Constraints are the rules specified on a record that prevents incorrect data before saving the record. Odoo always ensures data integrity and enforces the validation processes to provide complete and correct data.
In Odoo 15, the constraints are set to the data using python and model constraints. These constraints are mainly intended to validate the data on the record before it is traced in the database. So let’s discuss the python and model constraints in Odoo 15.
SQL Constraints are defined on the model using the class attribute _sql_constaints. These constraints belong to the part of PostgreSQL. This attribute ‘_sql_constaints’ is assigned as the list of triples of strings. Its syntax is the following;
_sql_constraints = [(name, sql_def, message)]
Here the name is the constraint identifier name, sql_def is the PostgreSQL syntax of the constraint, and the message is the error message displayed to the user when the constraint or the condition is not satisfied.
For example,
_sql_constraints = [
('barcode_uniq', 'unique(barcode)', "A barcode can only be assigned to one product !"),
]
It’s a _sql_constraints taken from the model for products; it aims to verify that the barcode of each product is unique and, if it fails, then display the error message.
As per the syntax, the first string 'barcode_uniq' is the name of this constraint. This identifier name is followed by the SQL definition 'unique(barcode)'. UNIQUE constraint is the most used SQL constraint that prevents duplicating the data for the mentioned field. This unique constraint is provided with a field name whose duplicity is prevented. If the barcode is not unique, it will display the error message, the last list string for _sql_constraint.
This is how the error message will be displayed when the unique constraint identifies the duplicity of the data.
Another _sql_constraints is the CHECK constraint which checks the SQL expression on the data. For example,
_sql_constraints = [
('positive_qty', 'CHECK(qty > 0)', 'Contained Quantity should be positive.')
]
This is an example of using the CHECK constraints of the _sql_constraints. This constraint is mentioned in the model of Product Packaging. Here the constraints whose name is 'positive_qty' check if the quantity is greater than 0 or not. If it’s not greater than 0, then it will arise the error message.
An important note is that a python SQL constraint is defined before the coding section; it will always be specified in the field declaration section.
In some other cases, we may have to ensure data consistency by using more complex checks, so in that case, the python constraints are used. It’s a method decorated with constraints that are invoked on a record set.
A python constrains arbitrary codes to validate a record of data.
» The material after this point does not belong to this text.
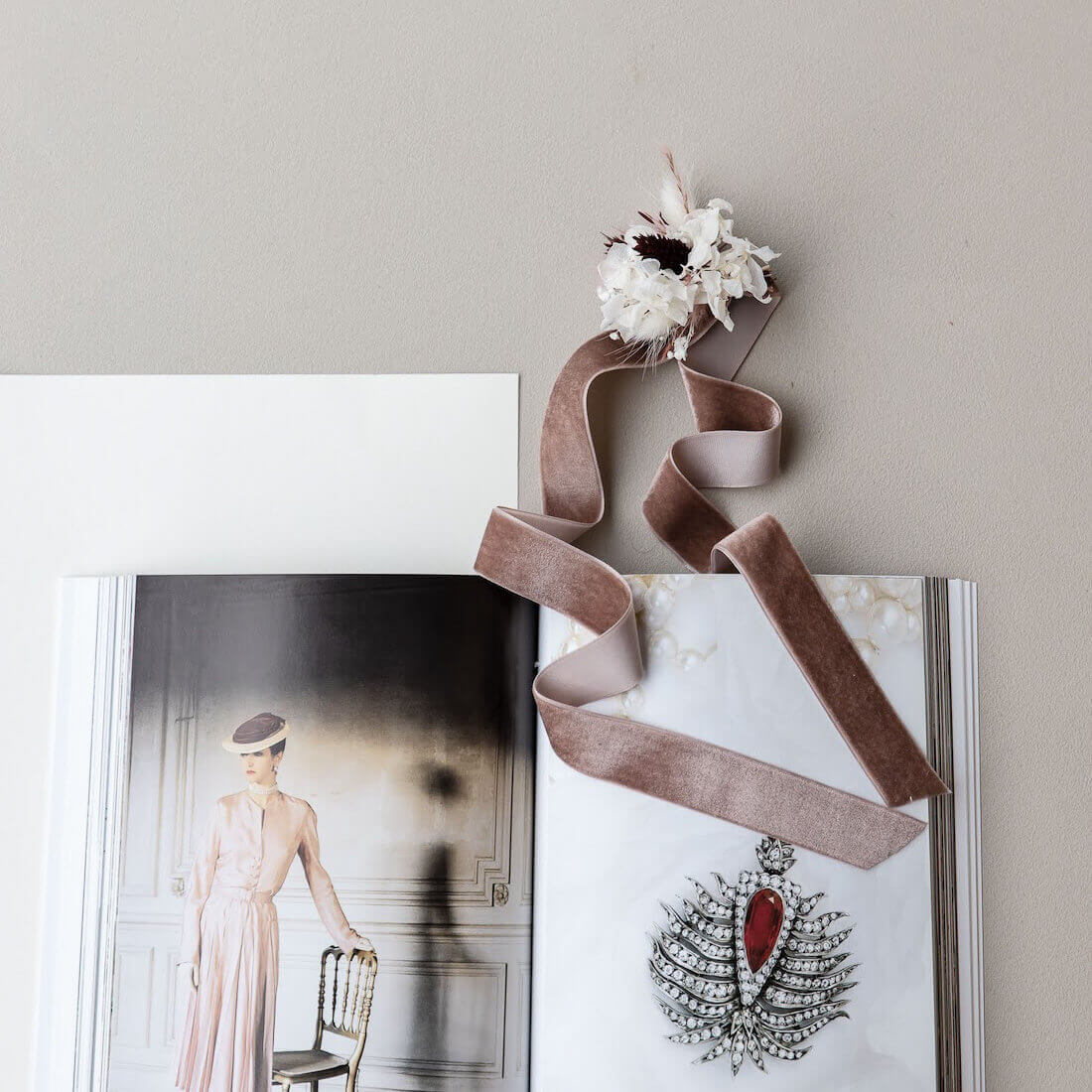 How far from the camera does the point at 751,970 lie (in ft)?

Here the validation is performed by using a function that is decorated with the decorator ‘@api.constrains’.
@api.constrains('name', 'description')
def _check_description(self):
for record in self:
if record.name == record.description:
raise ValidationError("Fields name and description must be different")
This is the basic syntax that how we can use the python constraints. It consists of the decorator @api.constrains followed by the fields involved in the validation process. After this, the validation function is used for applying the conditions used for the check.
The validation function will be triggered whenever the validating fields are modified, and then it should raise an exception. Usually, the ‘ValidationError’ is used to show the exception. As the ‘_sql_constiants’ do, the python constraints also prevent saving the incorrect data to the database.
Here is an example that illustrates the python constraints;
@api.constrains('age')
def _check_something(self):
for record in self:
if record.age > 30:
raise ValidationError(“Age is greater than”)
In this example, the constraints specified to the field ‘age’ in a model check if the age is greater than 30 or not. If the validation fails, that means if the age is greater than 30, it will show the Validation error “Age is greater than,” and otherwise, it returns nothing.
We need to import ‘ValidationError’ or ‘UserError’ for showing an exception.
The @api.constrains only support simple fields( for example, partner_id.phone), and it will not support other related fields (for example, partner_id.customer), which will be ignored.
For @api.constrains, it has some other limitations; also, that is the @api.constrains will be triggered only if the field inside the constraints is included in the ‘create’ or ‘write’ functions it is because if the fields are not present in the view, it will not trigger the python functions.
Compared to python constraints, SQL constraints are more powerful and efficient. Even though it can be used as the needful, both will ensure data consistency.